Вообще, пятница – самый хороший у меня день, ибо в пятницу я плаваю в облаках “химерических наклонностей” (как говорит милый Иван Иванович Маржецкий) и нахожусь в кругу светлой литературной семьи. Я, кажется, тебе уже сообщал о том, что получил именной билет в СПБ Литературное Общество, и мне предложили баллотироваться. Я кочевряжился (для формы), а в душе пело. К Новому году буду избран – ибо мое имя печатается (так принято) и рассылается всем членам для того, не знает ли за мною каких-либо грехов кто-нибудь. Затем меня “оглашают” на двух очередных собраниях и потом лишь приступают к закрытой баллотировке. Что-то вроде древнего феодального обычая “посвящения в рыцари”. Робею, ибо я еще, кажется, особенных “вкладов” в литературу не делал… Словом, грядущее безоблачно и голубо! (Кажется, никто еще этого слова не говорил: “голубо!”.) Люблю новые слова: “быстреет”, “близнь”, “итаксигрансталь”, “покомопсткжопактотепепль…”. Люблю “звучный и нечистый дух…”. Словом, я – модернист. (У меня есть драматическое стихотворение “Я модернист”, за которое я бы себя выпорол.) На всякий случай я тебе его вышлю.

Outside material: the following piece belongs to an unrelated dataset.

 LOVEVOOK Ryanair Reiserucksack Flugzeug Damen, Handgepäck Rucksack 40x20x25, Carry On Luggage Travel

В пандан стихотворению “Книга”, я написал стихотворение “Газета”. Оно пойдет. Где – не знаю, ибо это нужно хорошенько обдумать. Знаю только, что ни одна газета его бы не поместила.
Что Мама? Неужели она и теперь возится с печкой? Это меня сильно огорчает! Вы все не можете себе представить, как сильно мне хочется, чтобы вы зажили хорошо, тепло, беззаботно! Ой, как нужно мне сделаться корифеем! Не для славы, так для денег! Все равно! Есть у меня стихотворение: “Гастроному”. Тебе необходимо его прочесть. Увидишь, сколько там правды! Пойди к пани Nelli, кланяйся ей, поцелуй Аню-Асю-Басю-Мусю-Дусю-Верусю и всех наших кузин, которые не рифмуются. Кланяйся Буме. Не забудь. Отчего не ответила? Не помню, я, кажется, писал ей. Передай пока Nelli, что я очень сдружился с польским литератором А. Немоевским. Читала она его? Скажи, что один господин, который сидел у нас в Правлении в течение трех дней ни с кем не говоря ни слова (я принял его за англичанина), оказался поляком, и когда я с ним заговорил по-польски, он чуть не бросился меня целовать (наш варшавский агент) и не хотел от меня отойти ни на шаг. Здесь я не стесняюсь и говорю по-польски, как природный… турок! Ошибок, конечно, масса!